How to Generate CSV Responses

We had a customer scenario where they wanted the product to take a complex XML response and generate a simple CSV format with just a few of the response message elements. We could have done this using XSL-T, but I didn’t like this approach because it did give me the flexibility I wanted (plus my XSL is terrible). So I did this using scripts, with a process context variable of type String named acceptHeader. One in front of the invoke that captures the accept header and stores in the processContext variable, and if it’s CSV forces the addition of an options query param to ensure we get all the info we need.

This is a very over-simple model that doesn't attempt to read through any returned array of "product" objects (it just assumes it's a single entry array and reads the values from the first one). It really should write a header, and then iterate through the products array to generate a real response, but this gives the basic idea of how to make this work.
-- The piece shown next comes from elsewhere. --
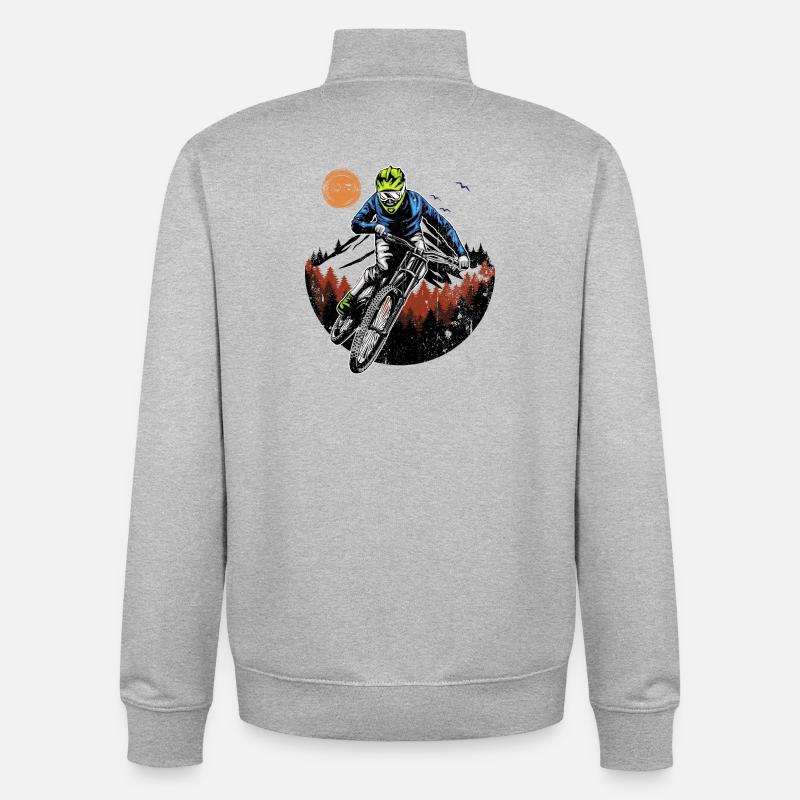 Cavalier de la crête de minuit - Sweat zippé unisexe en coton bio Stanley/Stella - gris chiné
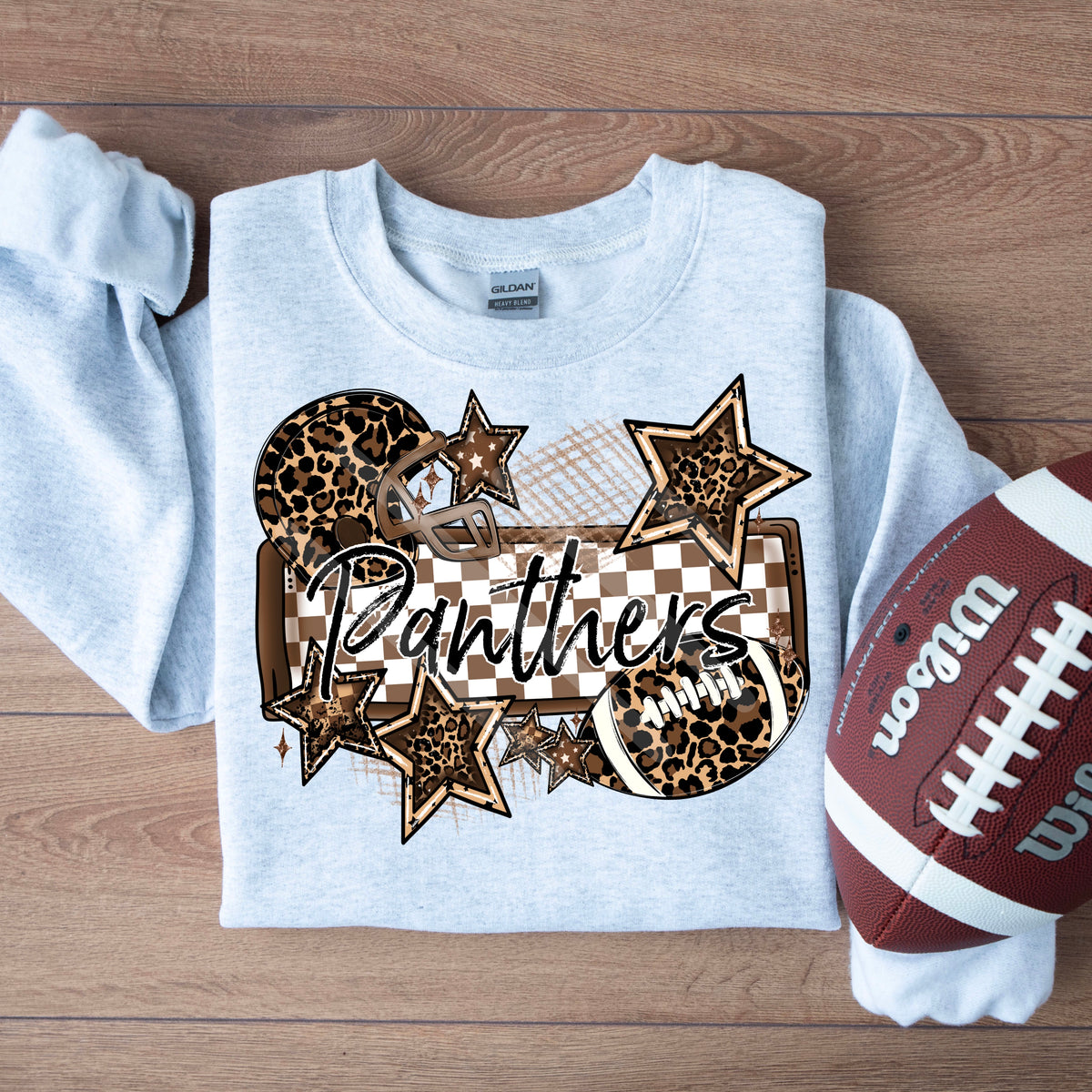 Panthers LEOPARD football frame and stars DTF transfer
// Grab the Accept header and store it in a variable
var msg = processContext.getVariable("message");
var headers = msg.getTransportHeaders();
var acceptHeader = headers.get("Accept").getValue();
processContext.setVariable("acceptHeader", acceptHeader);
auditLog.debug("Accept: " + acceptHeader);
// If it's CSV then add the options=PRODUCTS query param
if (acceptHeader == "text/csv") {
  auditLog.debug("Adding query string");
  msg.setProperty("com.soa.message.TRANSPORT_QUERY", "options=PRODUCTS");
}

And another one after the invoke that checks to see what the original accept header was, and if it’s CSV it gets the bits of the message it needs and makes a CSV string:

// If the Accept header was CSV, then mediate the content
var acceptHeader = processContext.getVariable("acceptHeader");
auditLog.debug("Accept: " + acceptHeader);
if (acceptHeader == "text/csv") {
  
  var msg = processContext.getVariable("message");
  
  // force the message to JSON
  var normmsg = msg.normalize();
  
  // This will be going away, but for now grab a JSONLib serializer
  var serializer = new net.sf.json.xml.XMLSerializer();
   
  // And convert the normalized message to JSON
  var jsonContent = serializer.read(normmsg.getContentAsString());
   
  // Parse the JSON doc
  jsonVar = JSON.parse(jsonContent,null);
  
  // Get the bits we need
  var name = jsonVar["name"];
  var url = jsonVar["url"];
  var products = jsonVar["products"];
  var product = products["product"];
  var code = product["code"];
  
  var newContent = code + "," + url + "," + name;
  
  msg.setStringContent(newContent);
  
  msg.setContentType("text/csv");
}

This works with Accept set to application/xml, application/json, or text/csv. It will return whichever you ask for.